CHAPTER XXVI.
OF DISTRIBUTION, AS AFFECTED BY EXCHANGE.
§ 1.We have now completed, as far as is compatible with our purposes and limits, the exposition of the machinery through which the produce of a country is apportioned among the different classes of its inhabitants; which is no other than the machinery of Exchange, and has for the exponents of its operation, the laws of Value and of Price. We shall now avail ourselves of the light thus acquired, to cast a retrospective glance at the subject of Distribution. The division of the produce among the three classes, Labourers, Capitalists, and Landlords, when considered without any reference to Exchange, appeared to depend on certain general laws. It is fit that we should now consider whether these same laws still operate, when the distribution takes place through the complex mechanism of exchange and money; or whether the properties of the mechanism interfere with and modify the presiding principles.

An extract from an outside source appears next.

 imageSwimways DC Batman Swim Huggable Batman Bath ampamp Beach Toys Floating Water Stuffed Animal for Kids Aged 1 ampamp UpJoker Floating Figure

The primary division of the produce of human exertion and frugality is, as we have seen, into three shares, wages, profits, and rent; and these shares are portioned out to the persons entitled to them, in the form of money, and by a process of exchange; or rather, the capitalist, with whom in the usual arrangements of society the produce remains, pays in money, to the other two sharers, the market value of their labour and land. If we examine, on what the pecuniary value of labour, and the pecuniary value of the use of land, depend, we shall find that it is on the very same causes by which we found that wages and rent would be regulated if there were no money and no exchange of commodities.